Migration, as an inherent part of our democracy, shapes European history and is shaping our society. Fundamental values – such as respect and openness – are increasingly being challenged by anti-democratic and authoritarian groups. In the media and in political debates, migration is repeatedly rejected and discrimination against minorities is fostered, even though we have been living in migration societies for years.

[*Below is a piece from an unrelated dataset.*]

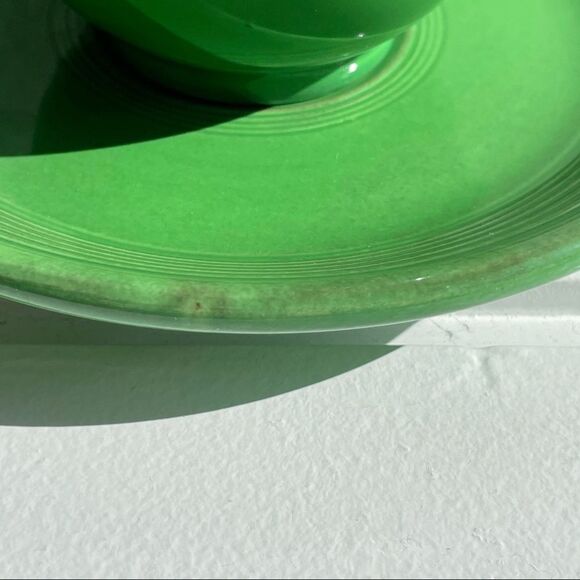 Fiesta Fiestaware Set of 2 Vintage 1959 Medium Green Glaze 6” Saucers & Teacups - Picture 8 of 12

While some endanger social cohesion by criticising migration, others are building ever stronger alliances and sharing an inclusive understanding of social integration. We call this perspective “post-migrant” and hope to further this idea. The term ‘post-migrant’ describes a society that is shaped by and through migration. The ‘post’ in this context refers to the phase of social negotiation that we are in today, including important recognition processes. We recognise that migration is a reality in societies, and not the exception. Accordingly, in a post-migrant society, diversity should be understood as normal and antagonism between the ‘foreign’ (the migrant) and the ‘own’ (the nation) has to be overcome. (Sources: BpB; HU Berlin; Naika Foroutan).
For us, ‘dealing with’ migration means recognising the fact that pluralistic life-worlds are a manifest part of our society. Not all realities of life are mapped and represented in European democracies yet. Promoting post-migrant perspectives is, therefore, a critical part of our work.